A method of systematic reporting of such second-order examinations of manipulation checks or other similar assessments in behavioral public administration would be valuable to scholars in the field. It would create greater efficiencies in the design of research and contribute to the internal validity of experimental work. Publishing such work as formal articles likely sets a high barrier and might be perceived as imposing high relative costs on the researcher. A convenient and accessible reporting system via some type of searchable repository or blog might be an alternative way to communicate what could be a valuable information to the scholarly community.
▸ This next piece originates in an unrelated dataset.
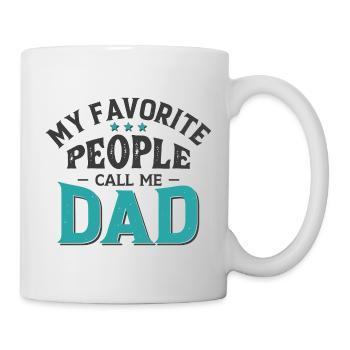 Mes personnes préférées m'appellent papa - Mug blanc - blanc - Droite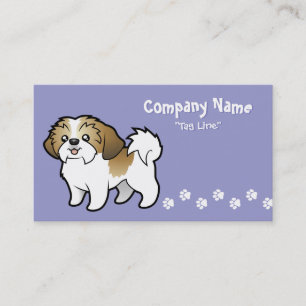 Cartoon Shih Tzu (puppy cut) Business Card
There is a literature raising a question about pretreatment manipulation tests and whether or not that generates a framing effect that might bias the experiment (Fayant et al., 2017; Hauser et al., 2018). Our discussion only involves post-treatment manipulation tests and thus any potential framing problems should not be relevant. Our discussion does not directly deal with attention tests that seek to determine if respondents are responding randomly or simply being inattentive but do not apply directly to the treatment.
The control group might not be an actual control group but a designated comparison group. For example, gender bias studies might compare women to men, motivated reasoning explanations might compare those with strong pre-existing attitudes to those without, or Bayesian decision experiments might compare those with priors to those without.
We get some fragmentary evidence that separates out country effects given that we initially tried to use MTurk in Italy, Spain, and Canada, but in all three cases were unable to get sufficient subjects and abandoned those subjects and recruited a full panel via Prolific. That evidence is very mixed as shown by the respective Prolific and MTurk results for Italy (91.6 v. 90.4), Spain (86.3 v. 86.6), and Canada (93.0 v. 88.4).
Payment rates do appear to affect participation, that is, how quickly the number of needed subjects participate in the experiment (Buhrmester et al., 2011) but no studies have examined how payment rates affect quality.